Not only are low-income Americans shuttled into second-rate healthcare systems, but until now they’ve not had the information, status, or opportunity to easily access high-quality healthcare.

While it’s true that most “digital health” app innovation “really is targeted at solving problems for wealthy individuals,” says Veenu Aulakh, Executive Director of the Center for Care Innovations, an Oakland-based nonprofit that works to improve health care for underserved patients.

“What if we could harness the energy of the larger innovation sector for some of these really critical issues facing vulnerable populations in this country?”

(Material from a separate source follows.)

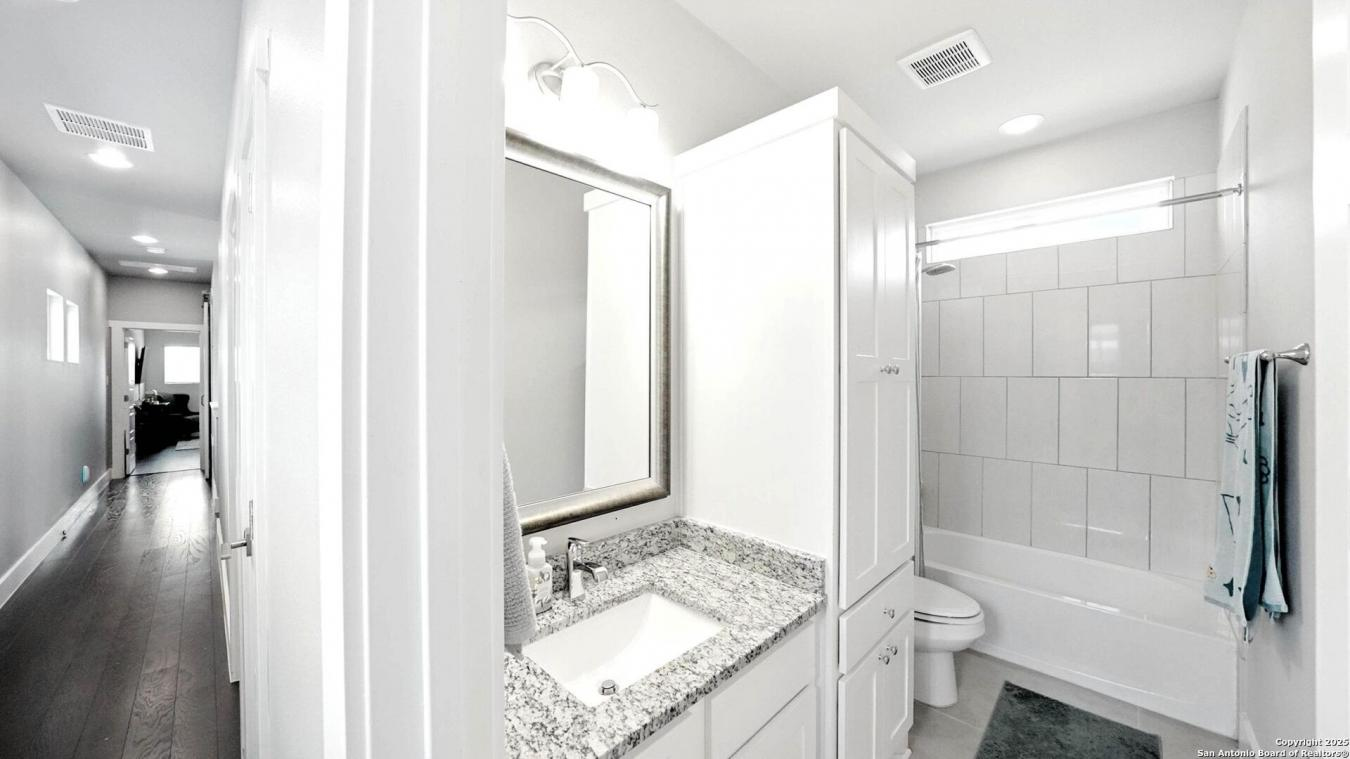 property-image-29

Yes, innovation usually starts at the top, solving problems for an elite so privileged that they can afford to try out new tech which might or might not be worth it. But winning apps end up helping everyone as innovators invest in scaling their successful med tech. Unfortunately with government the opposite usually happens. Programs aimed at providing for low-income Americans, like Obamacare, end up mostly helping health insurers.

Venture funding for the digital health industry is estimated at $4.5 billion in 2015. The healthcare.gov website alone cost taxpayers over $2 billion.

When it comes to who’s helping Americans afford their healthcare, don’t look to the guys in suits in Washington, look at the guys in hoodies in the San Francisco Bay.